> **Brief**
Lines from the top of the entries through the line that has "Hey everyone! Welcome" must be duplicated exactly, and no others.

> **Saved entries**
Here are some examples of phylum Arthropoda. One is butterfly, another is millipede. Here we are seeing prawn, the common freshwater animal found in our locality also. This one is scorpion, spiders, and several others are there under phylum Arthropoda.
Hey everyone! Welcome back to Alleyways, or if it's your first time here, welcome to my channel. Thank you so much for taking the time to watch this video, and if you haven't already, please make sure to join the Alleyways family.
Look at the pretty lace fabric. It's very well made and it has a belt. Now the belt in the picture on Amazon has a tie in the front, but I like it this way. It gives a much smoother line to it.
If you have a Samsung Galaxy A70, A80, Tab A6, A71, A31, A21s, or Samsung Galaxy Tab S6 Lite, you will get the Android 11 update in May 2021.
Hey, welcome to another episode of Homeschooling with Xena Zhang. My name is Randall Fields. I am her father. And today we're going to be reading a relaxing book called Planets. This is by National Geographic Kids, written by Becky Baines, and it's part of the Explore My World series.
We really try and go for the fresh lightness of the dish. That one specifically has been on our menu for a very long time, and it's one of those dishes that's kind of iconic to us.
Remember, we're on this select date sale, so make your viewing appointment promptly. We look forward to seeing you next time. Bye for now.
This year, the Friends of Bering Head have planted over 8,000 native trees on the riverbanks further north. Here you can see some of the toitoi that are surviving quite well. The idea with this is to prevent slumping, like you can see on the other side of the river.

> **Your response**
Here are some examples of phylum Arthropoda. One is butterfly, another is millipede. Here we are seeing prawn, the common freshwater animal found in our locality also. This one is scorpion, spiders, and several others are there under phylum Arthropoda.
Hey everyone! Welcome back to Alleyways, or if it's your first time here, welcome to my channel. Thank you so much for taking the time to watch this video, and if you haven't already, please make sure to join the Alleyways family.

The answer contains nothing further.